Fewer Illegal Immigrants Stopped for Traffic Violations Will Face Deportation – candidate Obama continues to dismantle immigration enforcement
New York Times
April 27, 2012
Fewer Illegal Immigrants Stopped for Traffic Violations Will Face Deportation
Fewer illegal immigrants stopped by police for minor traffic violations would be held for deportation under changes announced Friday to a federal fingerprinting program, Department of Homeland Security officials said.
The policy change on how federal agents will handle illegal immigrants arrested by state and local police for offenses like driving without a license came in the department’s response to a report by a task force on the federal program.
One of the task force’s central recommendations was that the program, called Secure Communities, should avoid deportations of traffic violators.

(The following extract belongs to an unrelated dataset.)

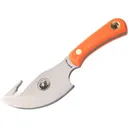 Knives of Alaska Light Hunter Fixed Blade Knife 3.5" Drop Point D2 Bead Blasted Blade SureGrip Handle Orange - Knives Of Alaska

The sharply critical task force report, issued last September, argued that such deportations were inconsistent with the department’s stated priorities of removing foreigners with serious criminal records. The increase in deportations of minor offenders under Secure Communities, the task force concluded, was undermining vital ties of trust between local police and immigrant neighborhoods.
In a 19-page response released Friday, Homeland Security officials forcefully reasserted their support for the program, which has been the center of fierce controversy since it began in October 2008. The program has put President Obama at odds with governors in Illinois, Massachusetts and New York, who are his political allies, and eroded support for him in Latino communities. Both Democrats and Republicans acknowledge that Latinos will be crucial voters in the presidential election.
Homeland Security officials also accepted almost all of the task force’s recommendations, acknowledging that poor communications by Immigration and Customs Enforcement, the administering agency, had caused major confusion about the program’s goals and how it works.
The Obama administration’s changes came after a hearing at the Supreme Court on Wednesday where government lawyers argued against an Arizona law that would expand the powers of the police to enforce immigration laws. Administration officials say Secure Communities is an example of the aggressive federal enforcement that makes action by state police unnecessary and counterproductive.
In its response on Friday, the department said the program remains “the single best tool” for focusing deportation resources on immigrants who have been convicted of serious crimes, pose a threat to public safety or repeatedly violate immigration law.
Under the program, fingerprints of anyone booked by the police are checked against F.B.I. criminal databases — long a routine procedure — and also against databases of the Department of Homeland Security, which include immigration violations. Immigration and Customs Enforcement, known as ICE, has been rapidly extending the program with the goal of reaching all 3,181 jurisdictions in the country by next year.
Homeland Security officials contended that the new policy on traffic violators could bring a major change in the program’s impact.
As the program spread, more local arrests resulted in immigration holds, and illegal immigrants who did not have criminal convictions found themselves facing deportation because of tickets for speeding, burned-out tail lights or driving without a license.
In all but a handful of states, immigrants here illegally cannot obtain driver’s licenses.
Under the refinement, when illegal immigrants are arrested solely for traffic offenses and do not have a prior criminal record, federal agents will only consider placing a hold — known as a detainer — after they are convicted.
“ICE agrees that enforcement action based solely on a charge for a minor traffic offense is generally not an efficient use of government resources,” the department response says.
Immigrants arrested for drunken driving would not benefit from the new policy, officials said.
In practice, most traffic violators are released well before they are convicted, and now immigrants stopped by traffic police will not remain in custody to be picked up by federal agents.
Detainers are only in effect as long as the immigrant is in local police custody, homeland security officials said.
ICE also reported that it held more than 700 meetings last year with law enforcement agencies and immigrant advocates to explain the program.
In February, ICE created a public advocate to hear concerns of immigrants facing deportation, and has stepped up training for its staff.
The task force chairman, Chuck Wexler, executive director of the Police Executive Research Forum, praised the department’s response.
“It is encouraging in that they are not defensive and they recognize the issues we raised and appear to be committed to dealing with them,” Mr. Wexler said. His group conducts research on crime for police chiefs.
But dissension arose among task force members. Benjamin E. Johnson, executive director of the American Immigration Council, a pro-immigration group in Washington, said that ICE had not actually accepted the task force’s key recommendation, which was that no traffic offenders should be detained under Secure Communities.
Mr. Johnson said ICE would only further confuse local police by issuing immigration holds after traffic convictions.
“In a traffic setting, we were very clear that ICE should just get out of the business of issuing detainers,” Mr. Johnson said.